Der Preisträger 2023 ist der Schriftsteller Jörg Jacob. „Aus der Stadt und über den Fluss – Zwölf Versuche über das Gehen! heißt das ausgezeichnete Werk, für das die Jury sich einstimmig entschied.

Das Preisgeld von Höhe von 3000 Euro stiftet die Sparkasse Muldental.

Mehr zum Preis

Lutz Simmler aus Grimma-Höhnstedt ist mit dem Göschenhaus, das Seumes Erbe bewahrt, aufgewachsen. „Wir sind uns alle der Bedeutung dieses kostbaren Erbes bewusst“, erzählt er. Vieles funktioniert so gut, weil man sich kennt und einander hilft. Die selbstverständliche Zusammenarbeit in Stadt und Region schafft die Grundlage für die Dynamik, die erst die internationale Ausstrahlung ermöglicht.

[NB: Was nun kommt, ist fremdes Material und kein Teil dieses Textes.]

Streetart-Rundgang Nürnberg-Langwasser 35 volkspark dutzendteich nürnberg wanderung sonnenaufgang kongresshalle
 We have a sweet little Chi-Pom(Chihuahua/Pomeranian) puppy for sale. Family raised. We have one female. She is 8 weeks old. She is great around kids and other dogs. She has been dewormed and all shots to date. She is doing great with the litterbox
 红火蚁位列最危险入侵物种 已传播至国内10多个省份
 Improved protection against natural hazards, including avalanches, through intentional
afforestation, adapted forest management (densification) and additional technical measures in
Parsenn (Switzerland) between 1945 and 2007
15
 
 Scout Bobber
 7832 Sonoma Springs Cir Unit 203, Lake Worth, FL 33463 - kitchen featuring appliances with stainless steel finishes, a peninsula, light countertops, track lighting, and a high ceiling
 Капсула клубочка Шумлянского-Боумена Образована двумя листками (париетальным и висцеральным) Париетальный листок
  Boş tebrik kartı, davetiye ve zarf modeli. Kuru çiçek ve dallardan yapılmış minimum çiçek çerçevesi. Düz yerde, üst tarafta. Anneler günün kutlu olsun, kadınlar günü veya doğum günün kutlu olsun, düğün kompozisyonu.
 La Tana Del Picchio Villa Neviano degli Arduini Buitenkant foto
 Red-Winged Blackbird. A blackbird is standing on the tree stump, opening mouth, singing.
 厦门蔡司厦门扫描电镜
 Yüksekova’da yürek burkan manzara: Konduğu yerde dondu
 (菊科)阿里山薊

Als einmal im Garten des Göschenhauses ein geplantes Konzert durch plötzlich einsetzenden Regen ins Wasser zu fallen drohte, schloss Kirchenvorstand Lutz Simmler kurzerhand die Kirche auf. Das Konzert war gerettet. Anderntags schenkte ihm die Museumsleiterin Seumes „Apokryphen“. Den „Spaziergang“ hatte er schon, wie wahrscheinlich jeder in Grimma. „So kam eins zum anderen“, erzählt er. „Seume hat’s mir angetan.“

Netzwerke sind dazu da, sich gegenseitig Rückenwind zu geben, waren wir uns einig, und sicher wird auch hier „eins zum anderen kommen“.
Ich halte Sie an dieser Stelle über die Aktivitäten der Seume-Gesellschaft auf dem Laufenden. Seume tut’s nämlich jedem an, der einmal mit ihm Berührung kam.